Des sociologues vont plus loin. Ils remettent en cause la logique voulant que la politique de la ville associe une indispensable démarche de revitalisation urbaine et un objectif de mixité sociale. Selon eux, vouloir modifier la population des quartiers urbains « sensibles » au nom d’une mixité sociale - en déplaçant certaines populations « fragiles » ou en difficulté, ou en s’opposant au regroupement de familles d’origine étrangère ayant de mêmes origines nationales - suggèrerait que les problèmes résulteraient non pas du cadre de vie mais des habitants. Ce qui conduit ces sociologues à souligner qu’une politique censée intégrer ou insérer des populations dans le tissu social, aboutirait à stigmatiser ces dernières, à les priver des repères sociaux et sociétaux et du sentiment d’appartenance qu’elles avaient pu acquérir par elles-mêmes, à leur interdire de mobiliser et mettre en commun leurs ressources de résilience, de responsabilisation, d’adaptation et d’initiative. En définitive, dans le cadre d’une Politique de la ville censée créer un univers urbain requalifié, un habitat rénové, un accès au service public amélioré et un réseau d’associations et de travailleurs sociaux, des populations seraient, au nom de la mixité sociale, considérés a priori incapables de cohabiter et de faire vivre leur quartier dans le respect des lois et des normes fondamentales de la société française. Aberrant !
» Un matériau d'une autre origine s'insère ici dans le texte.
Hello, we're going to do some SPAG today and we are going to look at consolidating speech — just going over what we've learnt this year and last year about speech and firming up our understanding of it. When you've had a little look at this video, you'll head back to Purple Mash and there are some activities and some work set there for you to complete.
Autonomie au sein d’une communauté
La mixité sociale ne serait-elle alors qu’une construction intellectuelle dont les applications technocratiques à travers la Politique de la Ville, viseraient à rassurer ceux qui craignent une concentration organisée de « classes dangereuses » ou de communautés ? A cette question, la réponse honnête me semble être : oui. Le caractère à la fois artificiel, technocratique et laminant des actions se réclamant de la mixité sociale, apparaît d’ailleurs très clairement si l’on porte son attention sur ce qui se pratique ailleurs. En d’autres pays, il n’est pas question d’organiser la répartition des populations urbaines ou même de prétendre agir sur leur vie sociale. Ainsi, aux USA et en Grande-Bretagne, l’individu en difficulté est incité à se prendre en charge aux plans économique, professionnel, familial et social. Quant à l’appartenance à une communauté nationale, ethnique, religieuse ou sexuelle, elle n’est pas ressentie comme un danger, mais comme un cadre d’appartenance dans lequel cet individu pourra trouver des repères et de la solidarité. L’autonomie et le volontarisme de la personne au sein d’un groupe organisé sont donc privilégiés. Les solutions collectives élaborées par l’Etat ou les collectivités locales ne concernent généralement que des populations en situation d’exclusion ou de rupture sociale.
Un équilibre à trouver
Il apparaît nettement que la recherche d’une mixité sociale découle davantage d’une volonté d’intégrer les populations dans un moule social, que d’une démarche d’insertion visant à favoriser la cohabitation harmonieuse des différences. Ce qui ressemble fichtrement aux politiques jacobines et laïcardes imposées dont la France s’est fait une spécialité, et en lesquelles beaucoup de ses élites croient encore reconnaître un modèle républicain. On peut dès lors comprendre que les publics concernés n’adhèrent guère à une mixité sociale ayant pour conséquence de réduire leur autonomie cat les coupant de leur communauté ou de leur quartier d’origine. Il est d’ailleurs également compréhensible que les populations se voyant un beau jour appelées à cohabiter avec des familles estampillées « classes dangereuses » ou « communautaristes », l’acceptent mal. Faut-il pour autant rejeter toute politique de la ville et s’en remettre aux pratiques US ou britanniques ? Sans doute pas. Respecter l’autonomie de l’individu et lui faire confiance, ainsi que ne pas s’effrayer de ses attaches communautaires, n’impliquent pas forcément que l’Etat et les collectivités locales renoncent à des politiques de développement urbain, de réduction des inégalités entre les territoires et de solidarité sociale.